**** RECORDS SHOWN
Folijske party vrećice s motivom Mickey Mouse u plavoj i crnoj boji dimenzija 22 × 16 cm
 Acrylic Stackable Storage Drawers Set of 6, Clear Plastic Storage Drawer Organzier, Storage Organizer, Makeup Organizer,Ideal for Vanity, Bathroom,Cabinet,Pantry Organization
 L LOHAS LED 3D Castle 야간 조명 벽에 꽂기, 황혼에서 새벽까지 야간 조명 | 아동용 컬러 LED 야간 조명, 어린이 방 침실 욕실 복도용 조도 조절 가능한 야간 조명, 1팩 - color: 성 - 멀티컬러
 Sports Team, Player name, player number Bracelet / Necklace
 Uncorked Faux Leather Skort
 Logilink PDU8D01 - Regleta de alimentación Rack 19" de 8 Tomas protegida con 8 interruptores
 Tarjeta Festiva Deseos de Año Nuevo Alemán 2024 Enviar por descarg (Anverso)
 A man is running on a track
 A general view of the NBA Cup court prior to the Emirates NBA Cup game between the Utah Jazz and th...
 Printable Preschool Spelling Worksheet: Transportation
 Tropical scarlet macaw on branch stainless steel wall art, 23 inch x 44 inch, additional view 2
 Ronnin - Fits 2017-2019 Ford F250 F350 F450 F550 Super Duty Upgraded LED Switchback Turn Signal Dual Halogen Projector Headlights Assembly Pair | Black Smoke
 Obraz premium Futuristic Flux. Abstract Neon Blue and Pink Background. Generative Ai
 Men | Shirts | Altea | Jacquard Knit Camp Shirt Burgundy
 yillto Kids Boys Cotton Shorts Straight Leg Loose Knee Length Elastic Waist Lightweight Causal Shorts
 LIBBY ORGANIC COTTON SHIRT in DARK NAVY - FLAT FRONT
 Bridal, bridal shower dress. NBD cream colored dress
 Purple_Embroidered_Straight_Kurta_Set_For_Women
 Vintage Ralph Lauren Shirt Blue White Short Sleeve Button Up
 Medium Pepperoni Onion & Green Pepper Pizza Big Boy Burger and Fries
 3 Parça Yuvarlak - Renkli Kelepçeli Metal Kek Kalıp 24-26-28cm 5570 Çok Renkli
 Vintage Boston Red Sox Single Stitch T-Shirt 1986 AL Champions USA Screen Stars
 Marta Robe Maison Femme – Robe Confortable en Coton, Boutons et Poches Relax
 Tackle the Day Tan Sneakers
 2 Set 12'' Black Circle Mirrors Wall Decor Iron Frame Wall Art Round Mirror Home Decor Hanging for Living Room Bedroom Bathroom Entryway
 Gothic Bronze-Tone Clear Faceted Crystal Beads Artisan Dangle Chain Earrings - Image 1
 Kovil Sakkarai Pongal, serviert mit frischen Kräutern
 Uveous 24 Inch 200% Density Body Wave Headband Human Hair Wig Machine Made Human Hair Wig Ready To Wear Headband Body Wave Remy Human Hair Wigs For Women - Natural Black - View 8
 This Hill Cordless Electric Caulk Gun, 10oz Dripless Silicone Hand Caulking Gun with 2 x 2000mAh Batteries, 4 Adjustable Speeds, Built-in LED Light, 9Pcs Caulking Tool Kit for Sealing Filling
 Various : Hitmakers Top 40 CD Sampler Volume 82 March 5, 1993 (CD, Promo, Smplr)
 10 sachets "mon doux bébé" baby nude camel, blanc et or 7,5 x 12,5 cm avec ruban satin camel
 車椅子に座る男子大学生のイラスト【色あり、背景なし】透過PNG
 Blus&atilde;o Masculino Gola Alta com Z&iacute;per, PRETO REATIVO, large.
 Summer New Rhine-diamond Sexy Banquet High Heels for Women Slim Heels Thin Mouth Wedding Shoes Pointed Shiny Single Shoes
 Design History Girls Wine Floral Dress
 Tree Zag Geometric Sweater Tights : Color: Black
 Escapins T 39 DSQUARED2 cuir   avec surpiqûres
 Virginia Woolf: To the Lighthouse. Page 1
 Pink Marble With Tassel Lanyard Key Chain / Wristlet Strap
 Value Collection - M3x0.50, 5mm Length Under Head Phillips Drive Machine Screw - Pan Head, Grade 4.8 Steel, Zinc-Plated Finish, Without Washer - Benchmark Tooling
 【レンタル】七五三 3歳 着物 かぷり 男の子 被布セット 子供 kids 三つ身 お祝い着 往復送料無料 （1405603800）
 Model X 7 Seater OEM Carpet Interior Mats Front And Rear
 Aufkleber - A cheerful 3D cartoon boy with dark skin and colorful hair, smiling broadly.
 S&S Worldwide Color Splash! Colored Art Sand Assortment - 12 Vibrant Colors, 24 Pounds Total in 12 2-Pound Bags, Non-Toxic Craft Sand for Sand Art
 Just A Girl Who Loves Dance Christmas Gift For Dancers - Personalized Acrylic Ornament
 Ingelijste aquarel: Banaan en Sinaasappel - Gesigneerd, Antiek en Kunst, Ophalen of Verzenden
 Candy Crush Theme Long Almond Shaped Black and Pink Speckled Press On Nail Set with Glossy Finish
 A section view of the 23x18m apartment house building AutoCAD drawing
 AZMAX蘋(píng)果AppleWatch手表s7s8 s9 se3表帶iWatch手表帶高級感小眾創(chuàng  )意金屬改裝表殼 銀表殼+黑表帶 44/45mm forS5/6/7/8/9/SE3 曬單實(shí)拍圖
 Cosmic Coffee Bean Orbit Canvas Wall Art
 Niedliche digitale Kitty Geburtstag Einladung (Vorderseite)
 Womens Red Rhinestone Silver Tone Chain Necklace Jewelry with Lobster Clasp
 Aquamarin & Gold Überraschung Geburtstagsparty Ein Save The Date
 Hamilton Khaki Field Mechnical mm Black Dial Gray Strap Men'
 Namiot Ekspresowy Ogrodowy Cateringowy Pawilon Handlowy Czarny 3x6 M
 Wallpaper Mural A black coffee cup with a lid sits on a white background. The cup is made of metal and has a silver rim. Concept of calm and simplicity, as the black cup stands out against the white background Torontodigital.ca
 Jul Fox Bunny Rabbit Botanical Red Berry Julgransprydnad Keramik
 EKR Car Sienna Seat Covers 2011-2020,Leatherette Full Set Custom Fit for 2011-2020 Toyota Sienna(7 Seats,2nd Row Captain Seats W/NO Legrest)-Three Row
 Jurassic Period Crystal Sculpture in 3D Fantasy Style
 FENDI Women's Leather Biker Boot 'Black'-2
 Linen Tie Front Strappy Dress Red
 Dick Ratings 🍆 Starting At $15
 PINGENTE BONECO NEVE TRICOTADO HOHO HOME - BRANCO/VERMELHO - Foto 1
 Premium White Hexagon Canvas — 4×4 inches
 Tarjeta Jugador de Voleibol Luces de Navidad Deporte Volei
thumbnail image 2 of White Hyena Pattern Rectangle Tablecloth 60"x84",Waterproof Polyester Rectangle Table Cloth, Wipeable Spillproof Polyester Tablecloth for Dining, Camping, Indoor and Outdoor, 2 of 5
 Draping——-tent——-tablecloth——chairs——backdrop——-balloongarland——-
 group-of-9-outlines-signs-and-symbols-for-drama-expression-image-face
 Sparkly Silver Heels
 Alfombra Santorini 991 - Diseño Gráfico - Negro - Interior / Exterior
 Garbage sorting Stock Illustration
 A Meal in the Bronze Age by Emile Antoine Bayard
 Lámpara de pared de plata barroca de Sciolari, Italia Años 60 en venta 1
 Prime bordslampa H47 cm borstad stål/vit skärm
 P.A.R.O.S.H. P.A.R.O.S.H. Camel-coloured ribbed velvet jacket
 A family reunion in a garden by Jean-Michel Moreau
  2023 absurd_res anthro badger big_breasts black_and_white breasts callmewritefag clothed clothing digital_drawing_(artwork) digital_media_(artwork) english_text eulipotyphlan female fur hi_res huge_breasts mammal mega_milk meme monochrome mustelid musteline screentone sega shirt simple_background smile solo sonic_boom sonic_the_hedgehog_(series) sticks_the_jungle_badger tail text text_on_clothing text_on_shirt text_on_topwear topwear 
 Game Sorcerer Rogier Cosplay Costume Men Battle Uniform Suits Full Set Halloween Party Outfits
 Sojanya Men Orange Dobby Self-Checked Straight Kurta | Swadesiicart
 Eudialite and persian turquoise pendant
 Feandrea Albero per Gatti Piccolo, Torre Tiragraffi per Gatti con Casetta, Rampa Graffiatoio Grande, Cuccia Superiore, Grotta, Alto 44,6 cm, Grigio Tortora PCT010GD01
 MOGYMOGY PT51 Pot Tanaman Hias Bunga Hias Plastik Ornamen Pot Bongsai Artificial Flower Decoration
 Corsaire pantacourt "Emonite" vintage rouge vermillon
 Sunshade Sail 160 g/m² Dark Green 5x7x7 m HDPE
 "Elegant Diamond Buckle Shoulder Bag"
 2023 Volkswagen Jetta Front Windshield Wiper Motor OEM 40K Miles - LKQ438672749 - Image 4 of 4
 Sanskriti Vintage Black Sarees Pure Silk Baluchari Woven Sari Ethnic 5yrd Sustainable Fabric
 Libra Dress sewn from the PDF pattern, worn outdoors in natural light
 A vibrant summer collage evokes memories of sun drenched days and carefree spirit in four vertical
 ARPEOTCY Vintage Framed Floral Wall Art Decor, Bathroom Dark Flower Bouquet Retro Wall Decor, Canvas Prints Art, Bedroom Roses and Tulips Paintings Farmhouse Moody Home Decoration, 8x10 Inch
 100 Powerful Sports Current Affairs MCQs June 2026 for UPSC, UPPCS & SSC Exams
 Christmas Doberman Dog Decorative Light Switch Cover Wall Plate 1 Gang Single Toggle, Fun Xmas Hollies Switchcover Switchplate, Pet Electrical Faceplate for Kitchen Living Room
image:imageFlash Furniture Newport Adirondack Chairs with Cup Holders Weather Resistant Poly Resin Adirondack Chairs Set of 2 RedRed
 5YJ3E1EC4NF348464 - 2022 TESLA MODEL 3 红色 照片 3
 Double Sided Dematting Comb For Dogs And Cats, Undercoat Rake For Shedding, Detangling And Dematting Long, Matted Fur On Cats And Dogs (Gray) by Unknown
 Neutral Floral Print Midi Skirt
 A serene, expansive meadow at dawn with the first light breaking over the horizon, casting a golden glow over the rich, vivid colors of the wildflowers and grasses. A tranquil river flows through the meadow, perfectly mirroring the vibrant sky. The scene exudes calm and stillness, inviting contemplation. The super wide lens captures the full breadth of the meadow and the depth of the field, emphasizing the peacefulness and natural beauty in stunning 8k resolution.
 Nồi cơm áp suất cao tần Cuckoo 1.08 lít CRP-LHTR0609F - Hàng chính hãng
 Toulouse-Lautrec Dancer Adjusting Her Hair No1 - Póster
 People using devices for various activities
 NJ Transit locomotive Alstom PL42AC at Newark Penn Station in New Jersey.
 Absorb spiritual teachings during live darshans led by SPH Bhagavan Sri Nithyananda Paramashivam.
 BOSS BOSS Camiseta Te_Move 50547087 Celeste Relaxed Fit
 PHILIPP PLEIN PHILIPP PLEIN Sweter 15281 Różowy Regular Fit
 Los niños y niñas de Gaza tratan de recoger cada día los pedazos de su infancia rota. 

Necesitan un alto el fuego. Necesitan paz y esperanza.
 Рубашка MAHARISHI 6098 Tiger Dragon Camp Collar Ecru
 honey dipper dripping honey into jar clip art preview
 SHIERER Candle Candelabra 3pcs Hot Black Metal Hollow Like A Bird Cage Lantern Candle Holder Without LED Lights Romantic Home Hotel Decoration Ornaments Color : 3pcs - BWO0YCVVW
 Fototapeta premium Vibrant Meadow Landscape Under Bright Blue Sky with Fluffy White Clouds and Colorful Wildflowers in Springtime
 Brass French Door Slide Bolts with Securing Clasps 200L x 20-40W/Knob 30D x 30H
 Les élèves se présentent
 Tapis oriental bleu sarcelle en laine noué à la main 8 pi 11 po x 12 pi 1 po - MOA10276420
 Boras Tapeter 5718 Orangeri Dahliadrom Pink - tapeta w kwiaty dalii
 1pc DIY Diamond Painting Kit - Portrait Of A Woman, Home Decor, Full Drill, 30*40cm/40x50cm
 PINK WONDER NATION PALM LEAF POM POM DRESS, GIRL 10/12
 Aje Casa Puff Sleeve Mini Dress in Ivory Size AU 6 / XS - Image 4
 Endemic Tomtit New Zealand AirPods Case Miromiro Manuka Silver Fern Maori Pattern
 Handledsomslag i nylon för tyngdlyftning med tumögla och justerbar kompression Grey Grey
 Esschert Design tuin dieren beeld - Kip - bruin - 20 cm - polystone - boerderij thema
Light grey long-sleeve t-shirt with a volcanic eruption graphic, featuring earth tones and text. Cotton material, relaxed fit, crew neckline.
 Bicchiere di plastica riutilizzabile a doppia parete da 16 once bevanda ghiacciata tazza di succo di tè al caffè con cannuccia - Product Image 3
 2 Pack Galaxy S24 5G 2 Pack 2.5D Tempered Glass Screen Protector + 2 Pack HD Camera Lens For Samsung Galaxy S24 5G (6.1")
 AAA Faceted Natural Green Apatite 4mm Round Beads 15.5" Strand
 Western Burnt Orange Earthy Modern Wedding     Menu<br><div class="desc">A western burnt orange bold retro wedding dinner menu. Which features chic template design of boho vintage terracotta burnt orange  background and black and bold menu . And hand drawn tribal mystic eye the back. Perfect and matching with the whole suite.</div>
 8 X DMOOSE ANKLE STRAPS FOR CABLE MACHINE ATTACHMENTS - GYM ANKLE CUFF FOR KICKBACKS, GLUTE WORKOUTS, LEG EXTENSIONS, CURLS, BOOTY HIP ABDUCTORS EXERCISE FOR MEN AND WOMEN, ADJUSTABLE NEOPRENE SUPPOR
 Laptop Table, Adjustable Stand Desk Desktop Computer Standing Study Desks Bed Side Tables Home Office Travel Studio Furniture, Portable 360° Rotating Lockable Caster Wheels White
********
Look above for the line holding "MOGYMOGY PT51 Pot", then set down exactly that line and every line after it up to and including the line holding "Diamond Buckle Shoulder", with nothing else.

 MOGYMOGY PT51 Pot Tanaman Hias Bunga Hias Plastik Ornamen Pot Bongsai Artificial Flower Decoration
 Corsaire pantacourt "Emonite" vintage rouge vermillon
 Sunshade Sail 160 g/m² Dark Green 5x7x7 m HDPE
 "Elegant Diamond Buckle Shoulder Bag"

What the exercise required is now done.